Lauv Really Wants You To Know He Is Not Necessarily “Pop’s Heartbreak King”

It’s hard to believe this is Lauv’s first album. Since I Like Me Better melted hearts on Australian radio in 2017 – not one to follow the grain – he’s focused on grouping his music in playlists and not worrying about the traditional cycles.

Amongst already-smashed collaborations with Troye Sivan, Anne-Marie and LANY, as well as new sounds alongside BTS, Alessia Cara and a joyous Latin flavoured track with Sofia Reyes, it’s pretty evident that the heart-on-sleeve 25-year-old didn’t just channel multiple heartbreaks and troubles into this album – he had a lot of fun making it too.

To unpack it, Nic Kelly is in bold, Lauv is in not-bold.


This album is phenomenally long. It’s 21 songs. No one does these long albums anymore. What was the thinking behind putting all 21 of these tracks on? Do you just suck it cutting it down? Or do they all mean something?

Originally, my goal was fifteen songs, but then I wrote like… a billion songs, and I was like, “how am I going to narrow down to fifteen?” I couldn’t, so then it was sixteen, then it was eighteen, then it was twenty and then it it was 21. And I was like, “you know what? Fuck it.” I love all these songs. They’re an important part of the whole thing and music is just so free today, I feel like there’s no rules, I’ll put the music out and people will listen to what they like and that’s it.

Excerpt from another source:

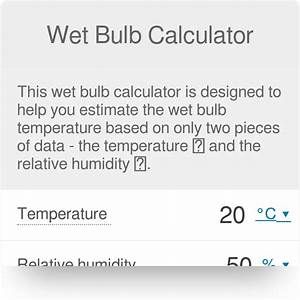 Dry Bulb And Bulb Humidity Ratio Calculator Vrascse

Of course they will. We are in a post album world now. The first time you you did kind of a proper release was when you made a playlist essentially of all your tracks so far. That was kind of the first time I’d heard of anyone doing that. So a 21 track album, it just kind of makes sense for you. I suppose with all these different parts of the one man boy band that is Lauv now, there are going to be 21 kind of perspectives to be had. I want to dive into this ‘one man boy band’ concept. How did this come to fruition and become an actual thing?

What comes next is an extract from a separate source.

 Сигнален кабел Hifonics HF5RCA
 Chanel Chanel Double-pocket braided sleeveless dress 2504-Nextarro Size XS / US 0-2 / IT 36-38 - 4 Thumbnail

The whole album was born a little bit out of a sort of identity crisis I had. The first song that really represented where I wanted to go with the album with ‘drugs & the internet’. I just felt very much like I had boxed myself into like this one image, this “hopeless romantic” image and I would get all these headlines like, “pop’s heartbreak king,” and I was like, “is that really me? I don’t know about that…” so I kind of was like “you know what, fuck it.” I’m just gonna make whatever I feel in the moment, I’m not going to think about what it is, I’m not gonna think about how it fits together, I’m not going to think about a storyline, I’m just going to make songs and have fun. Once I had the songs, I realised it was so diverse and all over the place, sound-wise and topic-wise and in mood, but I wanted to find a way to represent that and represent this concept of people being pressured and limited into being in a box, especially with social media, to have like a ‘personal brand’… I wanted to break that and be like, “yo, we’re so much more complicated than that, you’re not the same person every day, there’s so many different aspects to who we are” and so I wanted to find a fun way to channel that energy and represent it visually.

I’ve gotcha. I know that each of the different colors kind of represents a different part of your personality. Is there one that you are kind of more of than the others? And also as an adjacent part to that question, can two of the Lauv’s co-exist at once, or can you only be one of these types at once?

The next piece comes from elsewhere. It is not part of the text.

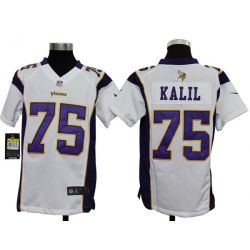 Cheap Matt Kalil Vikings Youth Jersey #75 White From China Game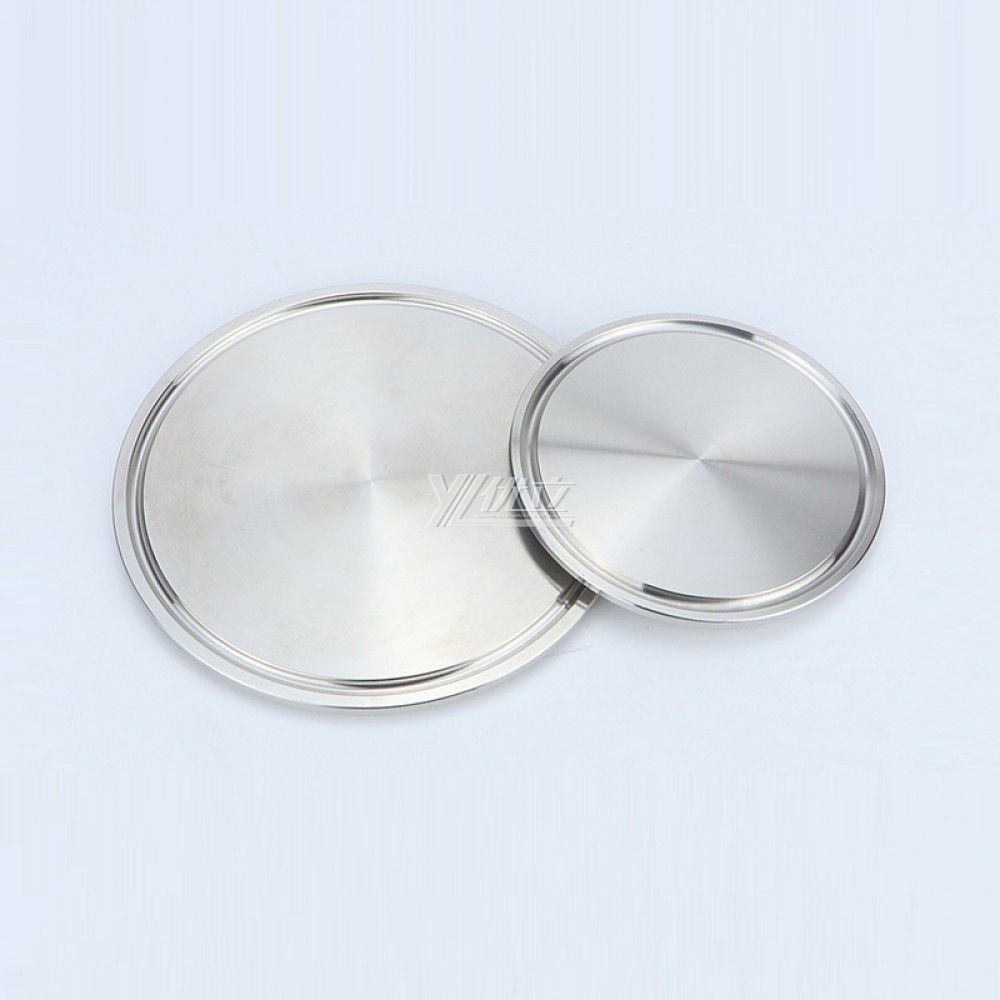 YOULI Best-in-Class Hygienic Food Grade Sanitary Stainless Steel 304 316L SMS 3A DIN ISO 1.5 Inch Pipe Tri-clamp Blind Cap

Well, the hope is that they all co-exist. What this album has been about for me is to not be afraid to traverse between these different parts of myself and not feel limited. I think the ones that are – at least right now in this moment – the most prominent for me, are existential and goofy.

I know there’s a track on there called Modern Loneliness that you’re very excited about. You say it’s your favorite song you’ve ever done, which is a big fucking call. What is it that’s standing out about this song for you?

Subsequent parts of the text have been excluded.